**Collected data:**
● ● ● ● ● ● ●

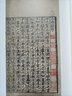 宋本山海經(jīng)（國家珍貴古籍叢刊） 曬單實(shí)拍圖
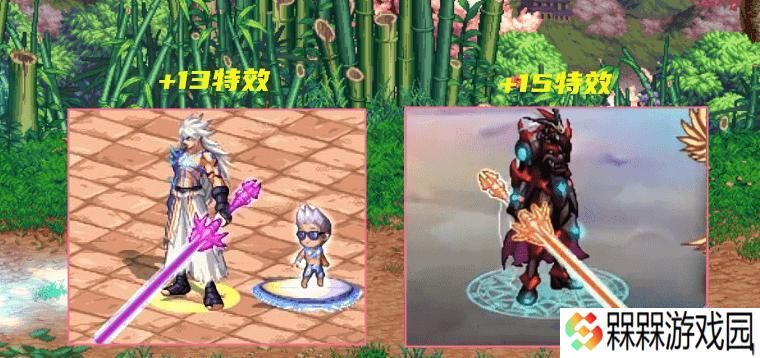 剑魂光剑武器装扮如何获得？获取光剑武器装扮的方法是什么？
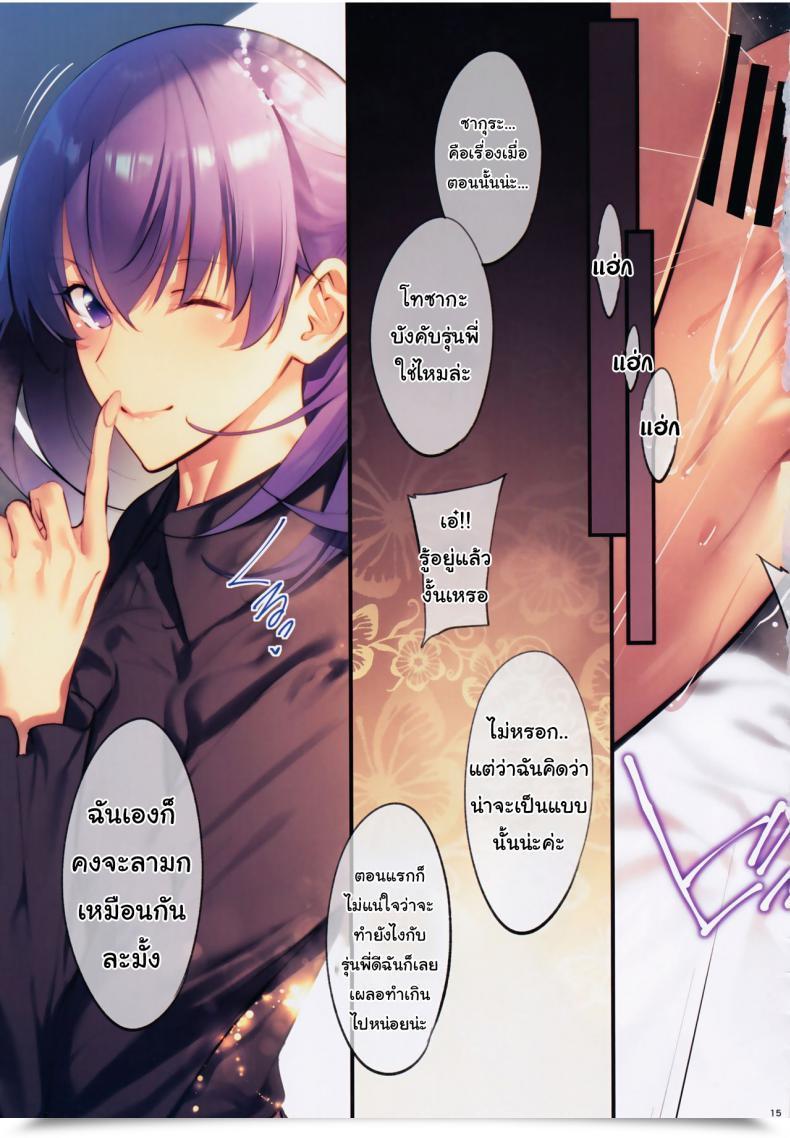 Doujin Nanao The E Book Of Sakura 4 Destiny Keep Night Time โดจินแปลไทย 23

● ● ● ● ● ● ●

**Exercise instructions:**
Write the listing above out again exactly, but not the images it holds.

**Task output:**
 宋本山海經(jīng)（國家珍貴古籍叢刊） 曬單實(shí)拍圖
 剑魂光剑武器装扮如何获得？获取光剑武器装扮的方法是什么？
 Doujin Nanao The E Book Of Sakura 4 Destiny Keep Night Time โดจินแปลไทย 23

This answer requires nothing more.